La verdad es que una cierta grima (por no decir pudor, una palabra prohibida en estos tiempos) me recorre el cuerpo cada vez que veo a una mujer (la edad no parece importar, según he observado: puede ir de una adolescente a una señora ya entrada en años) exprimiéndole la cara a un hombre, sin nada, sin el consabido algodoncito, y peor aún, frente a los ojos indiferentes y habituados de los vecinos. Digo mujeres, porque nunca he visto el caso contrario: tal pareciera que a los hombres les tienen sin cuidado los puntos negros o cualquier “impureza cutánea” de sus mujeres (y si no es así, se lo guardan muy bien). Son ellas las que se empeñan en ese casi sádico acto de esculcar al otro. Es como si las mujeres no pudiéramos soportar ninguna mácula y nos sentimos en la urgente necesidad de cambiar el estado de todo. Lo curioso es que tampoco he visto a ninguno de ellos protestar, hacer valer sus derechos de tener la piel como les venga en gana, o al menos pedir un poco de intimidad. Sólo esa cara de cordero que ponen denuncia algún sentimiento, hasta ahora totalmente desconocido para mí. Pero dejemos ese aspecto del asunto a un lado, porque ya estamos entrando en el terreno de lo personal, y según hemos sugerido, de lo que se trata es de abogar porque volvamos a tener privacidad.
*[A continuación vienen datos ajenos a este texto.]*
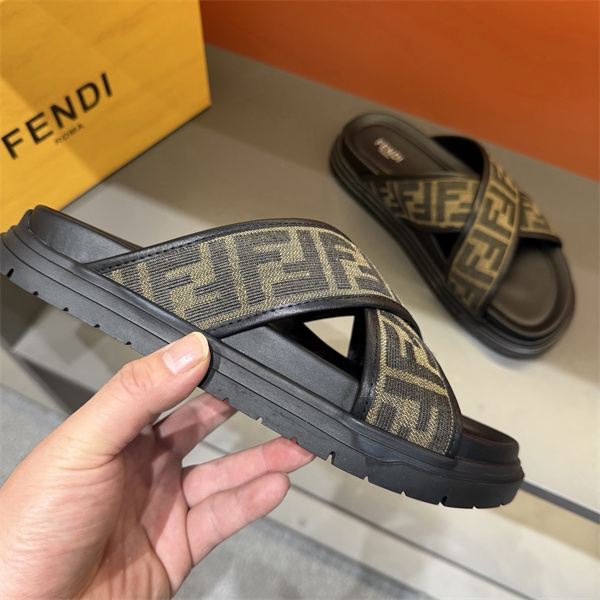 おしゃれな夏ファッションFENDI フェンディサンダルコピー最新モデル激安(日本最大級)
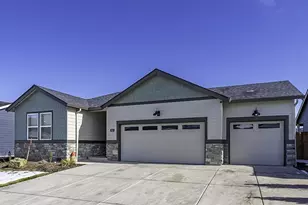 1928 Hannah Ln, Medford, OR 97504 - Photo 1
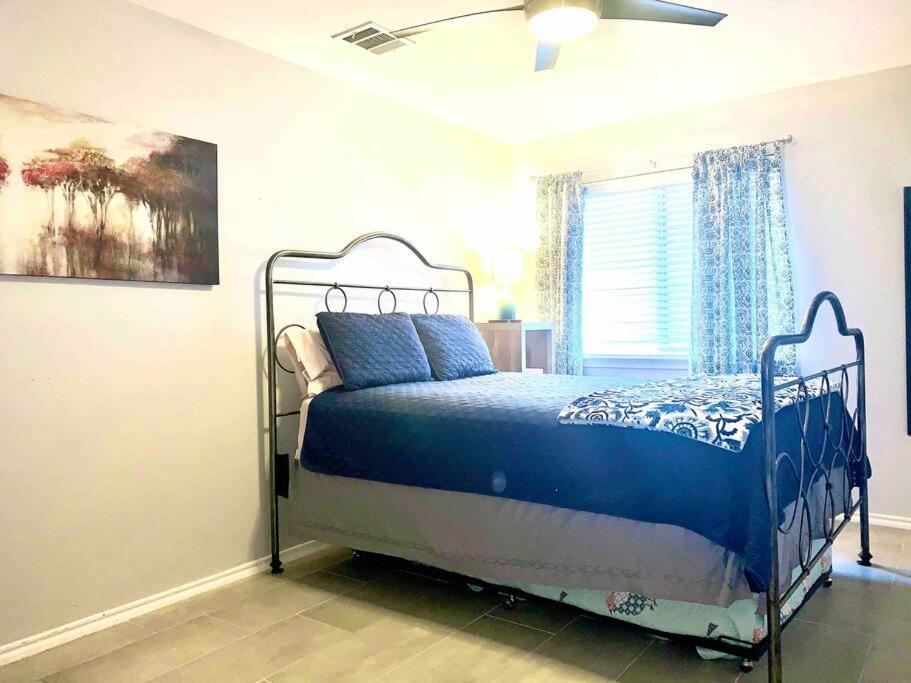 Modern Updates - Great Location - King Bed- Bmt San Antonio Exteriér fotografie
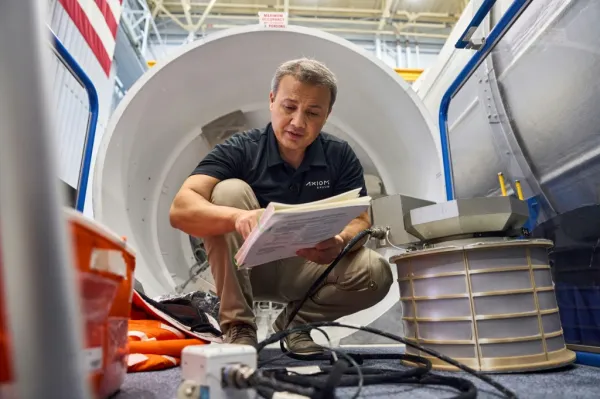 أول رائد فضاء تركي يلوح بطموحات أردوغان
Cada vez que me topo con la escena (ningún lugar parece salvarse: el cine, las colas del super, el banco, el metro e incluso un día de estos una cena) me vienen unas ganas urgentes de preguntar a qué viene la estripadera. ¡Háblame de ese desconocido placer! ¿Es el acto de limpiar al otro, o es exhibir el poder de limpiar, o es que, acorde con la época, es precisamente en público cuando mejor se detectan las imperfecciones? Sólo que sería verdaderamente inadecuado inmiscuirse en una escena que a nadie le parece extraordinaria, sino a un ser que como yo se empeña en que hay cosas que sí y otras que no, y la mayoría de las que sí, puertas adentro. Pero me parece que de nuevo estoy disgregándome, no consigo ir al grano (y aclaro que la expresión no viene a propósito del tema), no logro cerrar una idea decentemente… Creo que en el fondo sólo quería quejarme de un hábito que se ha tornado en “usanza”, en símbolo de venezolanidad femenina y hasta en demostración de cuidados. O tal vez sólo quería expresar públicamente mi disgusto por cualquier cosa para usar mi cuota de protagonismo de mi propio reality show, para no andar por ahí tan desfasada con los tiempos que corren.